Abstract

Large language models (LLMs), a type of generative AI, were popularized by ChatGPT in 2022 (Hu & Hu, 2023), are well- suited for cybersecurity incident response (CSIR) due to their ability to analyze extensive logs for attack detection and response. LLMs are primarily used in CSIR for analyzing the vast data acquired by cybersecurity teams (Bokkena, 2024; Ferrag et al., 2025; Ji et al., 2024; Xu et al., 2024). CSIR is somewhat unique in that LLMs intentionally ingest malicious input. An attacker could directly trigger cost harvesting by overwhelming security logs or cause prompt injection through malicious logs. No single LLM risk framework comprehensively addresses all risks, as noted in the MIT literature survey (Slattery et al., 2024). This paper aims to consolidate various LLM and CSIR risk frameworks into a comprehensive resource to answer: What are the risks of using LLMs in CSIR?

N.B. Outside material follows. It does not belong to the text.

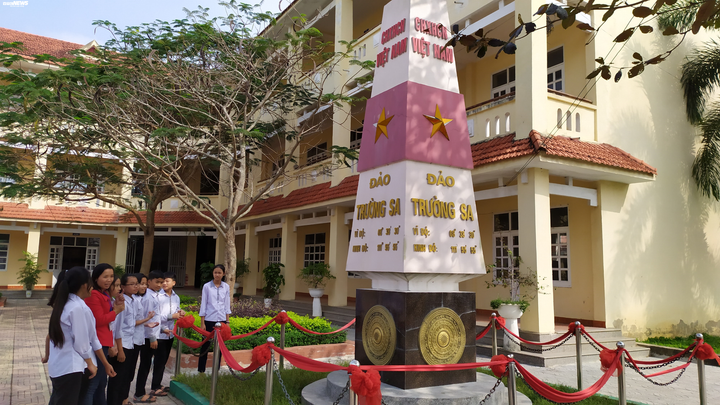 Ngôi trường ở Nghệ An có 16 lớp học mang tên các hòn đảo - 2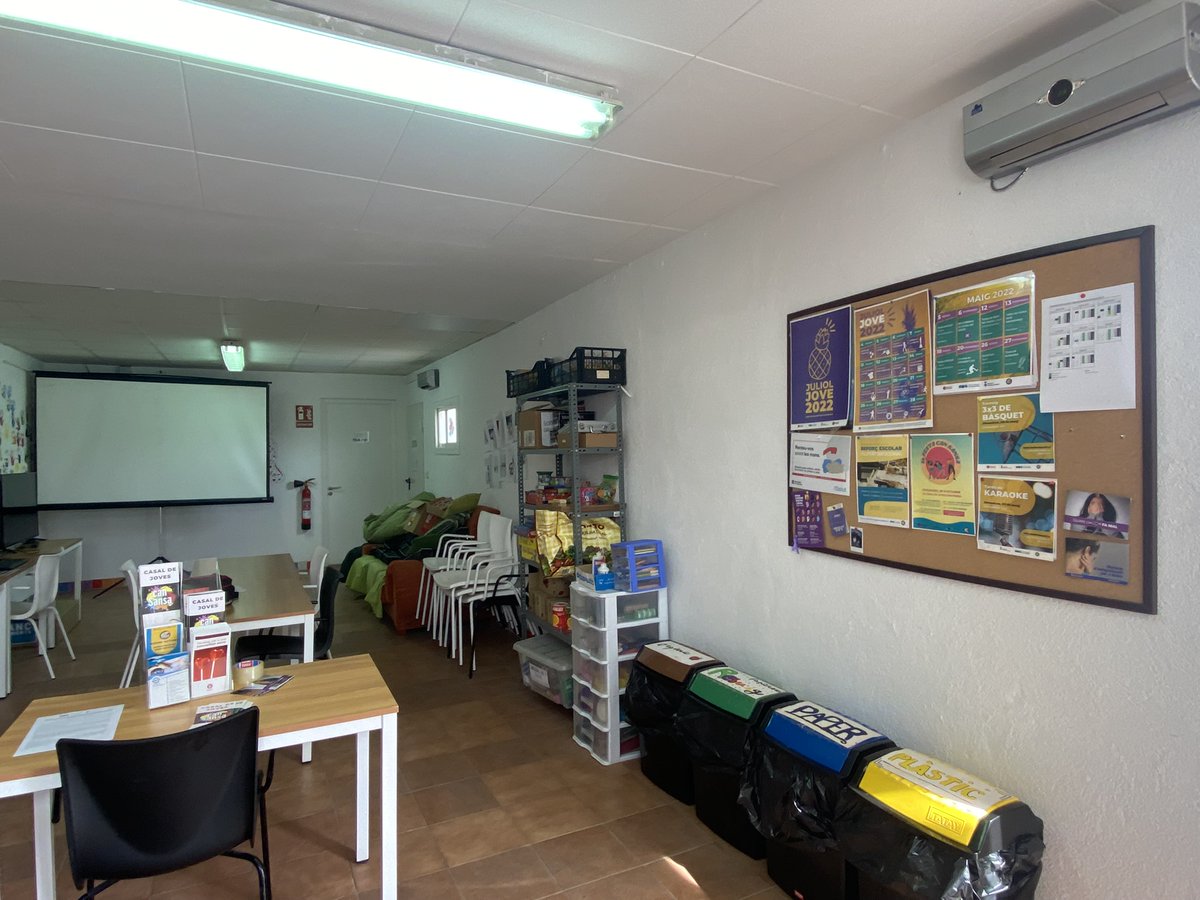 periferica_la's tweet photo. Hem trepitjat Argentona, Artés, Corçà, Santa Perpètua, Sant Pere de Ribes, Barberà, Mont-Roig, Montblanc, Reus o Flix fent assessoraments de #ParticipacioJuvenil en el marc del programa #ObrimVia 🚀 https://t.co/ybJ9lN6uNo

Risk frameworks for LLMs and CSIR were identified and summarized into a unified framework. Three main LLM risk frameworks were identified, NIST 600-1, OWASP Top 10 for LLMs, and MITRE ATLAS(ATLAS Matrix, 2025; OWASP LLM, 2025; National Institute of Standards and Technology (US), 2024). No CSIR risk frameworks were identified, as NIST 800-61 outlines the CSIR processes and activities but omits a risk framework. We found literature showing cybersecurity incidents are a form of an emergency (Onwubiko & Ouazzane, 2022) and thus emergency management (EM) risks are related. Radianti and Khazanchi (2024) proposed a framework for assessing risks in emergency management (EM) (Radianti & Khazanchi, 2024). The applicability of the Radianti et al. risk framework to CSIR was validated using NIST 800-61 as a reference.

Our proposed unified risk model categorizes risks into three main areas and two subcategories. The three main categories (technical, application/user, business) are based on an assurance framework presented by Khazanchi and Sutton (2001). The technical category encompasses attack surface risks and amplified threat risks, aligning with the framework’s focus on infrastructure security and data integrity. The application and user category addresses both adoption and operational risks, encompassing challenges related to user integration, implementation, and organizational readiness. The business category examines communication and decision-making risks, highlighting the strategic and operational implications of LLM adoption.

CSIR has unique risks due to collecting malicious logs, such as cost harvesting and prompt injection. Future research should focus on identifying additional CSIR risks, operationalizing assessment and assurance of these risks, developing innovative mitigations for key risks—such as prompt injection—and creating an assurance framework to help adoption and integration of LLMs for CSIR.